One of the assignments in week 6 was to design and 3D print an object. At first, I was going to design a new object for this assignment. Then I realized that I have the 3D designed houses that I made on week 3. I decided to print out the first house I made because it looked simpler than the Parasite house. I separated the house body and furniture and exported them into each file. It felt like moving day :P
Here is the 3D-printed super miniature house and furniture. They were so tiny and cute.
I bought acrylic paint from the art supply store and painted them one by one. It wasn't easy, but the result was quite satisfying.
On week 7, I made the first PCB board with an ATtiny1614 microcontroller. I used KiCad to design the board. I failed three times for different reasons, but I learned a lot from each mistake.
I used an FTDI board to download the communicate into my board, and used a UPDI board to program with the board. The program I wrote was pretty simple. When you press the button, the LED blinks really fast and it stops when I let go of the button.
For the final project, I decied to use the Barduino board. I made some modifications on it.
The modified barduino Kicad file can be found here.
There are 2 barduinos used in my final project. One is for the right part of the house and the other one is the left part of the house.
From what I learned for the last several weeks, I made a new board with an ATtiny1614 chip and connected it with an RCWL-0516 sensor. I also programmed an ESP32-CAM module so that I could see the object approaching the sensor. Lastly, I made a PyQT program to show the data on the computer screen.
Then, I set up the ESP32-CAM module powered with an Arduino board next to the new board.
In the PyQt program, the ESP32-CAM shows the live video while the RCWL-0516 sensor collects the movement data. If I move my hand towards the RCWL-0516 sensor, it prints 1 and changes the square color to red. And if I let my hand stay still, it prints 0 and changes the square color back to grey.
I placed the ESP32-CAM in between the house wall like the photo below and powered it with the 5V power supply.
On the output devices week, I made an elevator and an automated garage door with a 28BYJ48stepper motor. It worked well in general, but I think I should consider using a stronger stepper motor than this one for the final project.
The photos above are the design on Fusino 360 and the model I made with some foam boards. There's a string attached to the elevator and I connected the stepper motor to it. Also, I added buttons like the real elevator so that I could go to the each floor.
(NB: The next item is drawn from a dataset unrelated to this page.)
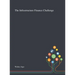 The Infrastructure Finance Challenge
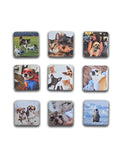 Puparazzi Pets 2x2 Photo Magnets - Cooper & Charlie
This week, I also designed a simple garage and the door with rails. Since our lab was still locked down, our instructor, Henk, 3D-printed the rails on my behalf :). I bought other materials from a hardware store nearby. Like the elevator, I made the outside body of the garage with the foam board.
The code for the garage isn't that different from the elevator one. I will use either a hall effect sensor or limit switch for homing the garage door same as the elevator. The video below is also 3 times sped up since the motor went really slow. It's hard to see on the video, but the motor is on the back side of the object. I couldn't fixate it so I had to hold it while taking the video.
This is how I put the stepper motor and the driver in my final project.
This week's individual assignment is to write an application that interfaces a user with input/output devices I made. For the last several weeks, I’ve been playing around with ESP32-CAM, an RGB LED and a TFT LED display. I set this week’s goal to control them by using the MQTT protocol combined with Node-RED.
I didn't use NodeMCU in my final project. I didn’t use nodemcu for the final project. That was from weekly assignment
I wanted to put a camera in front of the door. That would transmits images to the LCD screen inside of the house, when someone pressed the doorbell. And the buzzer will ring when the doorbell is pressed. Also, I wanted to control an RGB LED through Node-RED and MQTT.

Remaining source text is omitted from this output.